En aquella época aún no se había extendido la simbología de los lazos amarillos pero era habitual encontrar en las calles catalanas paneles con los rostros de los líderes represaliados tras el referéndum del 1-O, desde Jordi Sànchez hasta Oriol Junqueras. Si me costó trabajo reconocer a Tamara la primera vez que la vi en Viladecans fue porque su rostro no había figurado nunca en las pancartas. Un mes después de su arresto se la había tragado la tierra. Estaba sola. No contaba con una red estable de apoyos más allá de su círculo cercano. Estuvimos conversando en un bar y aquella fue su primera entrevista.

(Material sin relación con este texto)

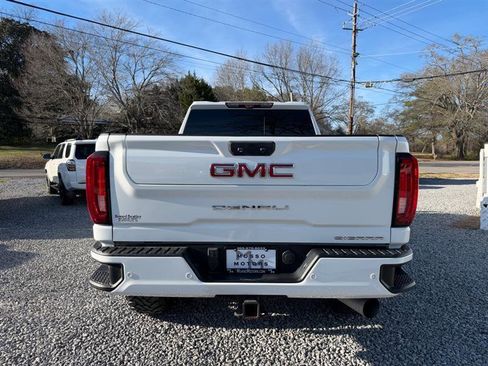 Used 2020 GMC Sierra 2500 Denali w/ Denali Ultimate Package image 5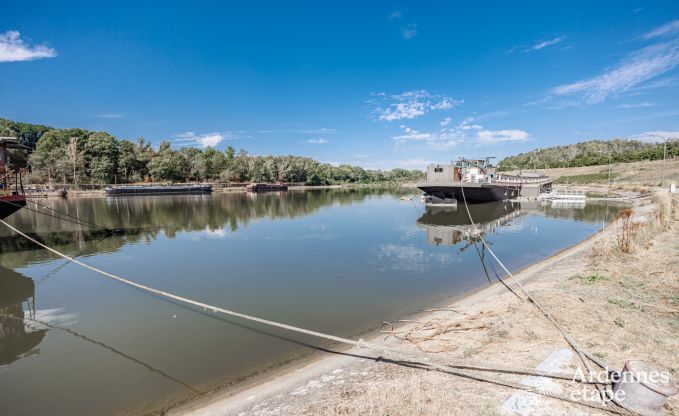 Buitengewoon in Ittre voor 8 personen in de Ardennen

La noticia del arresto desató un corto pero intenso vendaval informativo y abrió un tortuoso camino judicial de escarnio público y medidas cautelares. La absolución, sin embargo, apenas ha ocupado un discreto pie de página en algunos medios.
Otros han preferido mirar hacia otro lado. Al fin y al cabo, el propósito del muladar mediático nunca fue transmitir una realidad sino generar un estado de opinión. Colgar el sambenito a los CDR, vaciar las calles y disuadir a la población de que celebre ninguna clase de protesta. Hay informativos que cada vez pertenecen menos al ámbito de la información y más al de la propaganda.
El caso de Tamara es uno de los muchos alardes punitivos con que el Estado ha respondido al último ciclo de movilización social. En 2015, la Operación Ice puso en prisión a seis jóvenes con acusaciones de terrorismo basadas en la posesión de productos de limpieza y en la divulgación de lemas subversivos como «Goku vive, la lucha sigue». A Juan Manuel Bustamante, que pasó 16 meses preso, le intervinieron una sopa de lombarda. El inventario de objetos incautados a Tamara es también irrisorio: una careta de papel con el rostro de Jordi Cuixart, botellines de cerveza, un silbato amarillo. Hace ahora un mes, la Brigada Antiterrorista detuvo a catorce activistas climáticos por el imperdonable delito de haber arrojado caldo de remolacha contra las paredes del Congreso.
La banalización del concepto de terrorismo se ha convertido en una implacable modalidad de control social.
Todas estas redadas han tenido la apariencia de un auto de fe, donde el poder se escenifica con fines pedagógicos y la violencia institucional recae sobre la cabeza de un chivo expiatorio. «La deshumanización es lo peor de todo el proceso», me cuenta Tamara. «Llevar la marca para siempre cuando vas a buscar trabajo o piso». No solo su vida cotidiana quedó de pronto interrumpida sino que además todavía hay quienes le reclaman sacrificios de mártir. Desde su posición de ciudadana de a pie le parece inconcebible «que se te exija y audite como si tuvieras responsabilidad política, como si hubieses decidido estar ahí».
La mañana en que la detuvieron, justo después de registrar su vivienda, los agentes le ofrecieron cubrirle la cara ante las cámaras. «Les dije que no, que no había hecho nada malo». Ha tenido que esperar más de cuatro años para conseguir demostrar lo que fue siempre evidente para cualquiera que se hubiera tomado la molestia de conocerla.
En los buscadores quedan, para la historia de la infamia, los titulares de aquellos que quisieron fabricar un caso donde nunca lo hubo. Jamás les importó triturar la vida de una persona para defender el orden establecido.
Ahora que la credibilidad del periodismo oficial se resiente, no viene mal recordar una incómoda evidencia y un aviso para navegantes: la cloaca, desde que es cloaca, no se nutre tanto de informes policiales falsos como de informes reales repletos de falsedades.